Euro ISPs to Bill Customers for Cyber Crime Costs
- 05 December, 2000 12:01
Possibly setting a European precedent, Internet service providers (ISPs) in the Netherlands say costs for Internet access will rise significantly due to cyber crime regulation.
The Dutch ISPs say they are forced to install expensive network monitoring equipment. The cost for a medium-size access provider will be around 1.5 million guilders (US$600,000), and larger ISPs would face higher expenses, said the Vereniging van Nederlandse Internet Providers (Association of Dutch Internet service providers - NLIP).
"As a result the cost of Internet access will rise 20 to 25 percent," said Hans Leemans, director of the NLIP. The deadline for installing the equipment is April.
According to the 1998 Telecomwet (Telecom act), Dutch ISPs are required to make their networks ready for surveillance by law enforcement.
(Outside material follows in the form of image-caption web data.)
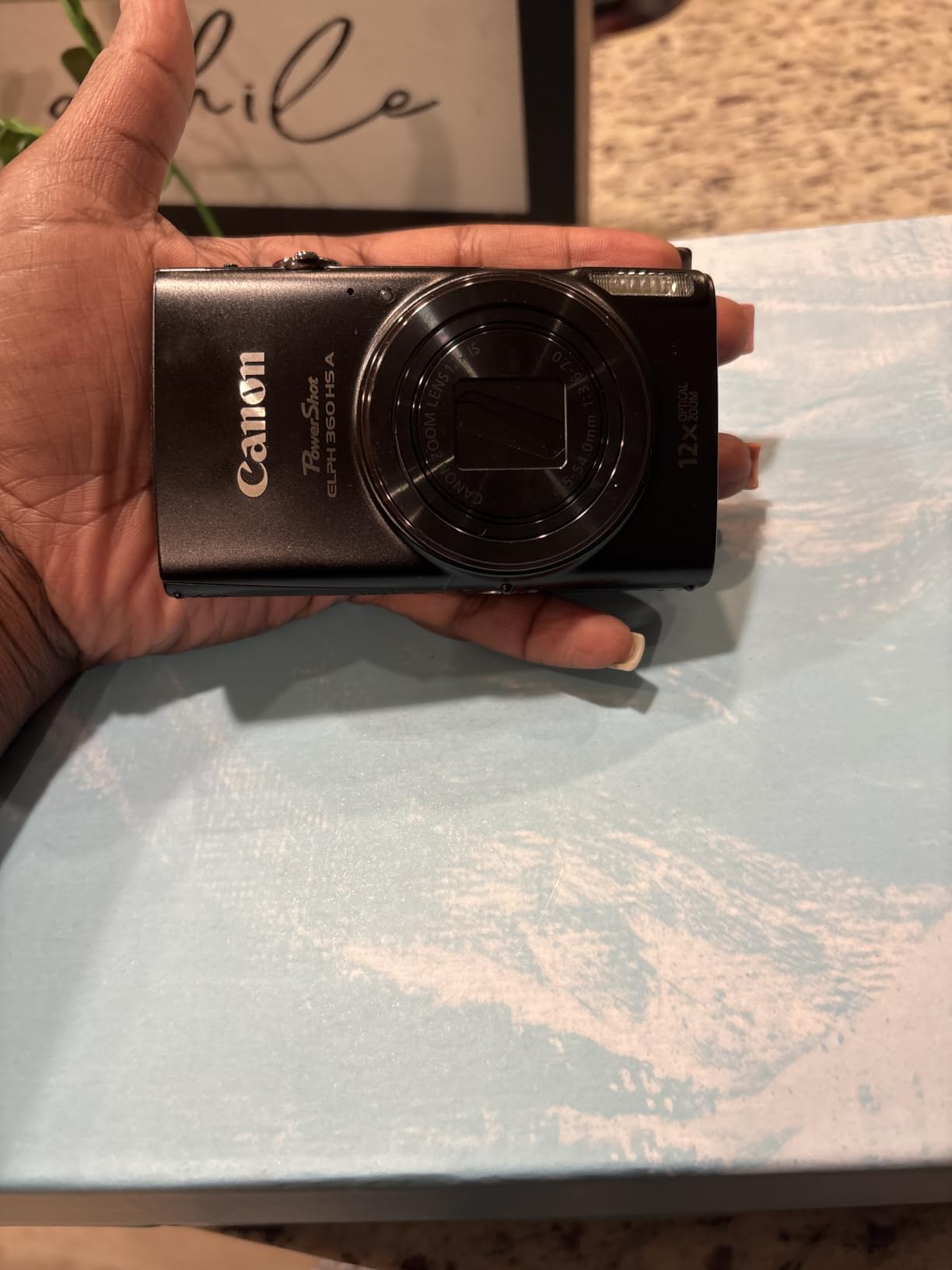 Canon PowerShot ELPH 360 HS A Silver customer photo 2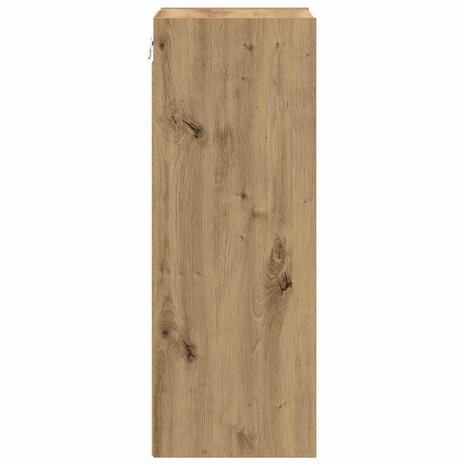 Hangkast Riga Artisan Eiken 30 x 29,5 x 80 cm Bewerkt hout 6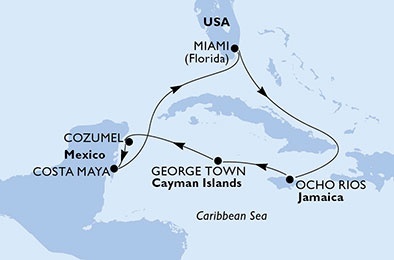 MSC Seaside - Karibi varázslat (teszt)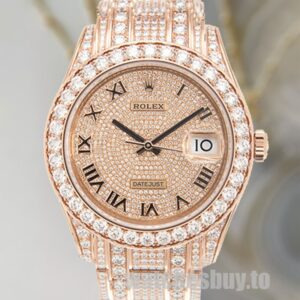 Rolex Pearlmaster 41mm Men's m86405rbr-0001 Rose Gold-tone Diamond Bezel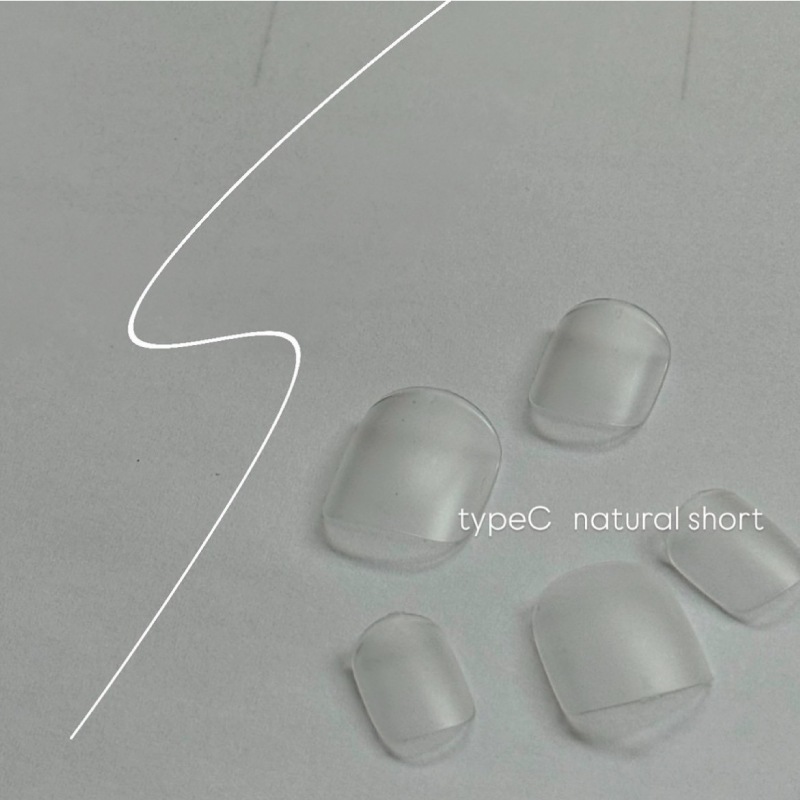 NAIL TIP LABO Natural Short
A draft convention on cyber crime prepared by the Council of Europe proposes similar legislation.
"If the convention is taken literally then the potential implications are enormous," said Joe McNamee, spokesperson for EuroISPA, the association of Internet service providers in the European Union. Besides monitoring equipment, ISPs would have to buy storage hardware. "That would make it even more expensive," Leemans said.
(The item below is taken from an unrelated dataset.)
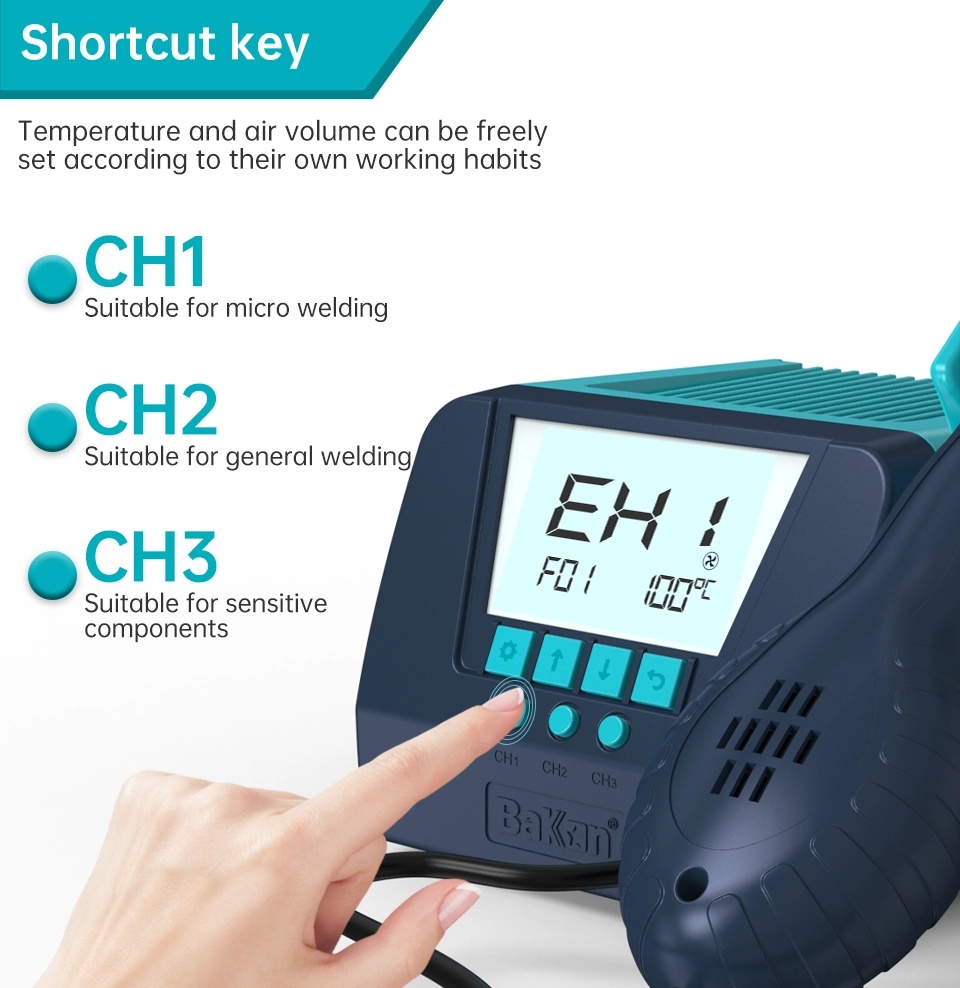 BK880 Hot Air Rework Desoldering Station 3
Making the customer pay is only natural, McNamee said. "If the government doesn't foot the bill, I don't know where else the money would come from."
McNamee did stress that the Council of Europe's document is not finished. "This is one of the gaps in the convention as it stands. The surveillance article could mean very little, but if the ISP is supposed to keep track of everything it's huge," McNamee said.
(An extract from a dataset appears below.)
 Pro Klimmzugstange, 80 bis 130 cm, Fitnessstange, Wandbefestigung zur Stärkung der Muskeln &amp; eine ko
ISPs face different challenges and costs, depending on their setup, said Sjoerd van der Maaden, manager of customer services at business ISP ISION Internet BV, a subsidiary of Hamburg, Germany-based ISION Internet AG. Van der Maaden sits on a NLIP workgroup on cyber surveillance.
"Tapping Internet traffic gets more arduous when an ISP has large volumes of traffic, a widespread network, and offers various services like leased lines, cable Internet, and DSL (digital subscriber line)," Van der Maaden said.
Users aren't upset. "As long as everybody has to pay, I guess we will have to as well," said Ruud Smeets, chief commercial officer at Amsterdam-based Internet investment company Newconomy NV, connected to the Internet via a 2M-bit-per-second leased line from Versatel Telecom NV.
Smeets does foresee more competition among connectivity providers. "It gives ISPs a new way to come up with pricing stunts. The one that has its costs under control will be first to discount rates."